For example, the following code is for assigning the SAS data library inxls to the input Excel file:

LIBNAME inxls "C:\NESUG2006\testexcel.xls" MIXED=YES HEADER=YES SCANTIME=YES;

The SAS datasets that can be referred to in a data step or procedure for the four worksheets are then:

inxls.`Sheet1$'n,

inxls.`Sheet2$'n,

inxls.`Sheetabcdefghijklmnopqrstuvwxyz$'n, and

inxls.`Sheet4$'n.

Figure 5 displays the SAS dataset, inxls.`Sheet4$'n, corresponding to worksheet Sheet4 on the input Excel file. As shown in the dataset, all data information matches that in the original file. The character variable names are also carried over from the Excel file, where the space and numbers are replaced by "_"; column (variable) names 1Score, 2Score, and 3Score in the input file are transferred as _Score, _Score0, and _Score1. The numeric variable name is transferred to F + column number, e.g. F8. The variable labels that are not shown here are exactly the same as the column names on the input file.

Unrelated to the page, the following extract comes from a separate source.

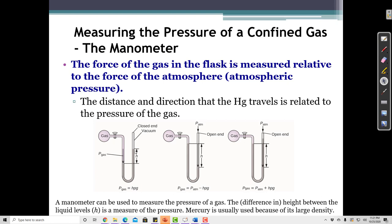As the gas pushes the mercury down on one side, the mercury rises on the other side. When the mercury level on both sides is equal, the pressure on both sides is equal. As the gas comes in and pushes down on one side, making that side lower and the other side higher, it tells us the gas pressure on that side is greater. We can measure the pressure difference by measuring the difference in mercury height between the two sides.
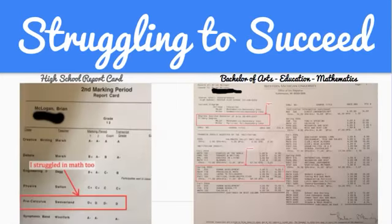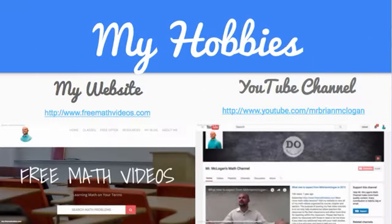I obtained my bachelor's degree for teaching mathematics at Western Michigan University and quickly found a job teaching high school in Jacksonville, Florida. I still continue to teach at the high school level but also run a successful website and YouTube channel focused on helping struggling math students.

Figure 5. SAS dataset Inxls.Sheet4$ imported from worksheet Sheet4 in testexcel.xls with LIBNAME statement

Some cautions need to be taken when using the LIBNAME statement approach. 1. Before running the LIBNAME statement, the input Excel file must be closed. Otherwise, data in date format will not be imported correctly. 2. A user can assign multiple SAS data libraries to the same Excel file and access the data from the different libraries assigned. However, the Excel file can't be accessed by different users at the same time through the LIBNAME statement. If a user assigns a libref to the Excel file when another user has issued a LIBNAME statement to the same Excel file, taking our input file as an example, the following error will be returned: -----------------------------------

ERROR: Connect: Unable to IDBInitialize ERROR: Error in the LIBNAME statement.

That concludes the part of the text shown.